A 1996 Gallup poll found that two thirds of American teenagers would like to found a company.  K-K Gregory, a ninth-grader from Bedford, Massachusetts, has been living that dream.  She became an inventor-entrepreneur in 1994, at the age of 10. 

After a New England snowstorm, K-K was in her yard building a snow fort with her younger brother.  Although she had dressed for the cold, K-K was frustrated because snow kept finding its way up the sleeve of her coat.  When she came in the house later, K-K’s mother, predictably appalled, suggested that K-K sew something that would bridge the gap from sleeves to gloves. 

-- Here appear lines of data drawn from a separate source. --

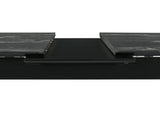 Crestmont 78-Inch Extension Dining Table Black Faux Marble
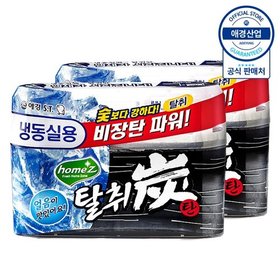 애경ST 홈즈 탈취탄 비장탄 냉동실용 70g ,2개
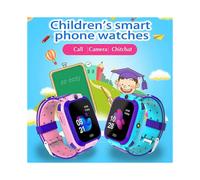 (Azul y rosa) Reloj inteligente para niños, reloj inteligente SOS para niños, tarjeta SIM, ubicación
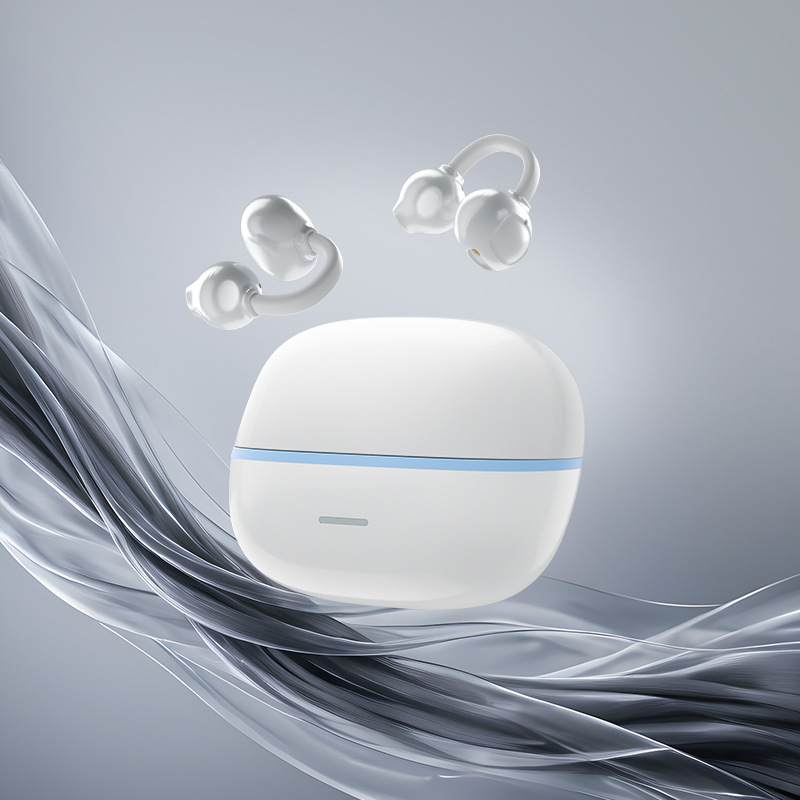 Ακουστικά Bluetooth με κλιπ, AI φωνητικός βοηθός, αδιάβροχα, μείωση θορύβου, διάρκεια μπαταρίας 4–8 ωρών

K-K rose to the occasion.  With her mother’s help, she sewed some synthetic fleece into cylinders that would fit snugly over her forearms and hands.  Because she wanted to leave her fingers free, K-K designed the detachable sleeves to extend only as far as the palm of the hand, and she cut a slit for the thumb to anchor the sleeves in place.  K-K intended for her invention to be worn under sleeves but over gloves.  However, in her first field tests, snow was now sneaking under the lower edge of her new sleeve and piling up over her palm. 

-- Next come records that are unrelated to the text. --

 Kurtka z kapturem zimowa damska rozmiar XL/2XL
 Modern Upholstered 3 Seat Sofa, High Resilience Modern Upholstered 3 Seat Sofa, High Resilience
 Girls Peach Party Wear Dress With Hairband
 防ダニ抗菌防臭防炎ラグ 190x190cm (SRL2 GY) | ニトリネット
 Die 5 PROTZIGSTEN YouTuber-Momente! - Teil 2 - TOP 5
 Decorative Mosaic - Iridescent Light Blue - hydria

So K-K remodeled her invention, contracting its diameter so that it could be worn under mittens or gloves.  Her next tests were a complete success.  A few weeks later, K-K made copies for her Girl Scout troop, where they were an instant hit. 

Now that she knew she had a winning idea, K-K moved on to the next stage.  A great deal of research and a consultation with a patent attorney confirmed that her idea was original.  She gave her invention a name, “Wristies,” applied for a trademark (which was granted) and patent (still pending), and founded a company, Wristies®, Inc. 

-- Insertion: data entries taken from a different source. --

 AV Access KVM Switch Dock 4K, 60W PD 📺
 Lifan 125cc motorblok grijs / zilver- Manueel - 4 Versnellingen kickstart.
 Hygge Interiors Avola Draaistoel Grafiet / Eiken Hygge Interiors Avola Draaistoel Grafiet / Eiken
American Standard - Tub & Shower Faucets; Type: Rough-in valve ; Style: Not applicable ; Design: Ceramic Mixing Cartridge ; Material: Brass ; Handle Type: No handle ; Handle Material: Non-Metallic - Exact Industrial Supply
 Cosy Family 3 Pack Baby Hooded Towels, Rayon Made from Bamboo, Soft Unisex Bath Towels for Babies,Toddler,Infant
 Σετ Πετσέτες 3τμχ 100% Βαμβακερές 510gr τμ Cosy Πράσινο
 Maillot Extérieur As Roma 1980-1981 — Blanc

To promote her invention, K-K has aimed high.  From her office in her house, she has signed purchase and marketing agreements with the Girl Scouts, Federal Express, and McDonald’s, among others.  In the fall of 1997, K-K became the youngest person ever to promote a product on QVC, where just a 6-minute spot earned her $22,000 in sales. 

K-K has won numerous awards, including induction into the Kids’ Hall of Fame (1997), and has been profiled on the "Today Show (Weekend Edition)" and in the Boston Globe and New York Times.  She often shares her entrepreneurial experiences at schools and invention workshops.  K-K’s story provides a classic example of the inventing and entrepreneurial process, step-by-step, including developing a novel idea, design of prototype, field testing and refinement, market testing, general research and patent search, patent and trademark application, incorporation, promotion and sales, and profits. 

K-K is not just a teenage entrepreneur.  Her other interests include rock climbing, in which she has also enjoyed prodigious success. Meanwhile, Wristies®, Inc. continues to thrive, and aspiring inventors, young and old, could find no better role model than K-K Gregory.